Leaving your wallet in a public place can also be considered negligence. Cardholders are expected to exercise a certain degree of care when storing their cards. A good principle to follow is to treat your credit cards with the same degree of care as you would exercise for storing your cash.
Inform the police
Fraudulent transactions could also be done by using your credit card details without actually stealing the physical card.
In this situation, you may first come to know about the theft when you receive your statement from the bank. What should you do?
Of course, the first step that you should take is to inform the card issuer. You should also lodge a report at the nearest Neighbourhood Police Centre (NPC).
It is useful to remember that your liability to the bank for fraudulent use of your card is not connected with the police report. The bank will charge you based on the terms and conditions mentioned in the card member agreement. You do not absolve yourself of responsibility by informing the police.
What if you think the bank is billing you unfairly?
At times, the card issuer may continue to charge you for expenditure that you did not incur. They may even keep adding interest to your unpaid bill every month. What can you do in such a situation?
The first step that you should take is to inform the bank in writing about how the fraud occurred. Give complete details, including timelines and supporting documents, if there are any. If this does not have the desired effect, you can approach the Financial Industry Disputes Resolution Centre (FIDReC).
This institution mediates between the cardholder and the bank and tries to settle the matter. There is no charge for filing a complaint.

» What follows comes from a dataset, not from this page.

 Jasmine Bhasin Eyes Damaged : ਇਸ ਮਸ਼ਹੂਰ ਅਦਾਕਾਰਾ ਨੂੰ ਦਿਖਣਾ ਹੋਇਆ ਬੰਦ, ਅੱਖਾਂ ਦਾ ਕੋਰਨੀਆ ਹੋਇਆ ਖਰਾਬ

Remain vigilant about credit card fraud
It is necessary to keep a close check on your card statements. If you use your credit card extensively and make dozens of transactions in a month, someone with your card details could carry out transactions that you may not even notice.
Checking all your card statements becomes even more important when one of your cards is stolen. If one card’s details have been compromised, it is likely that the theft could affect your other cards too. Consider replacing your cards or changing your PIN.
With credit card fraud becoming common, it is imperative that you remain alert at all times.